Name/UserName of Angler: Danny / Wongus
Date of Capture: 7 Feb 09
Location: Wellington Point, Qld
Type and Size/Weight of Fish: Black Tip Reef Shark / 92cm
Tackle/Line/Lure Used: Berkley Dropshot 1-3kg rod; Daiwa Exceler 2000; 8lb fireline with 12lb braid; Ecogear SX40
Conditions (optional): Strong SE wind
Other Comments (optional): Fish may have swiped at lure but was foul hooked on dorsal fin.
Is this a HOF capture?


----------



## JTC (Oct 19, 2007)

Name/UserName of Angler: Jason/JTC
Date of Capture : 08/02/09
Location : Currimundi Lake
Type and Size/Weight of Fish : Estuary Cod/54cms
Tackle/Line/Lure Used : 6lb braid/12lb flouro leader/3" Gold Mad Mullet
Link to Trip Report : http://www.akff.net/forum/viewtopic.php?f=17&t=24256









Cheers,

Jason


----------



## solatree (May 30, 2008)

Name/UserName of Angler : Solatree
Date of Capture : 8 Feb 09
Location : Goolwa Channel, SA
Type and Size/Weight of Fish : Mulloway 57 cm
Tackle/Line/Lure Used : 4" gulp jerk shad in Nuc Chook - 6lb crystal fireline with 10lb sunline rock leader.
Conditions (optional) : SW winds 15 knots


----------



## AJD (Jul 10, 2007)

AJD
7/2/09
Manly harbour QLD
Mangrove Jack 39cm
Caught on a unweighted mullet fillet on a 2/0 baitholder with 10lb mono running straight through from reel to hook. 
It was windy as with 25knots of easterly blowing.
Pulled this guy out of the middle of moored yatchs and pilons.


----------



## Detritus2099 (Jun 8, 2008)

*Name/UserName of Angler* Detritus2099
*Date of Capture* 08.01.2009
*Location* Carnarvon One Mile Jetty
*Type and Size/Weight of Fish* Golden Trevally 59 cm (see below. Forgot to measure before filleting)
*Tackle/Line/Lure Used* Chunks of Mulie free floated on 2/0 Octopus Circles tied straight to the mainline
*Conditions (optional)* Day before full moon, fairly flat, 9-12 knot winds.

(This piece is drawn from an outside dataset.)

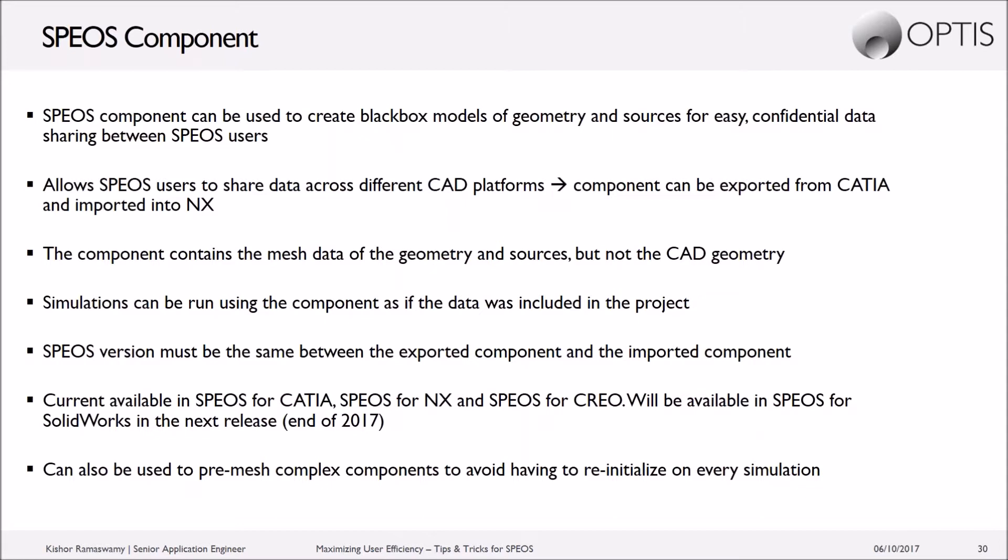So this is a great way to share data from a supplier to a customer or vice versa, supplier to an OEM. Because you can have the emission characteristics without having the CAD geometry, which is typically confidential.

The usually dry river is running, dumping fresh water and mud into the ocean.
*Other Comments (optional)* Larger than the current HOF entry.


----------



## crazyratwoman (Feb 26, 2007)

Name/UserName of Angler - Kerrie/Crazyratwoman
Date of Capture - 09/02/09
Location - Nambucca River
Type and Size/Weight of Fish - Longtom approx 90cm
Tackle/Line/Lure - starlo stix, okuma epixor 30 reel... no idea what line, caught on a yabbie
Conditions - awesome... about 7.30pm with tide running in.
Other Comments - sorry bout the crap pic, the measure is 80cm and was about 10cm longer than that, the bastard almost bit me and had obviously been in the wars before as it was missing a side fin... also missing a few teeth by the time i released it.


----------



## granpop (Mar 23, 2007)

Name/UserName of Angler - Granpop/Dave
Date of Capture - 10/02/09
Location - Lake Burley Griffin
Type and Size/Weight of Fish - Redfin 29cm
Tackle/Line/Lure - starlo stix, Penn Applause 2000/6lb Fireline/6lb Vanish/Soft plastic
Conditions - SE Breeze - damned cold after the weekend.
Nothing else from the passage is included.